Resistance manifests in two key ways. First, misunderstanding: coping mindsets frame Japanese solutions as “too idealistic” or “not scalable,” missing how OO's focus on the what (domain essence) bypasses entrenched hows (legacy processes). For example, domain experts often describe “how they've always done it,” but OO modeling escapes this by conceptualizing the core problem—building what the business needs, not what it wants. This naturally uncovers efficiencies, like adapting an Order object's lifecycle (pending to shipped) without rewriting scattered functions. Second, perceiving change-bringers as antagonists: advocates for domain-first OO are often seen as “badgering” critics, disrupting egos or job security. In toxic teams, this leads to passive dismissal, perpetuating Dutch bloat and eroding development speed.
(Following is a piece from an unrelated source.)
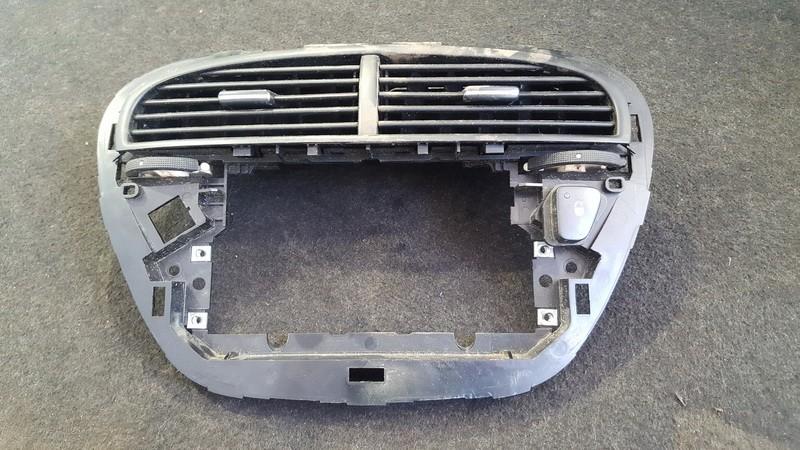 948684077 Peugeot 607 2000 Dash Vent (Air Vent Grille)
Yet, the rewards of overcoming this are immense. A domain model isn't just code—it's a verbose, readable representation of logic and interactions, accessible to anyone knowing the business. Domain experts can read, understand, and refine it, democratizing the core setup beyond developers. Efficiency and lifespan aren't measured by behavior tests or syntax checks (which can't gauge long-term viability); they're enhanced through the model's feedback loops with implementation. As apps grow, OO's edge sharpens: mutable objects traverse lifecycles cohesively, adapting to new rules (e.g., adding “refunded”) in one place, revealing emergent uses from deeper understanding. Functional/procedural snapshots spread logic, making adaptations harder—coping by duplication, not improving through insight.
Organizations can break the cycle with pilots that demonstrate sustained speed via domain modeling and OO, framing it as empowerment, not criticism. Train for conceptual thinking—solid logic minds capable of abstracting domains—rather than tool certifications. The shift from coping to improving isn’t easy, but it transforms antagonists into allies, turning Dutch boats into Japanese fleets.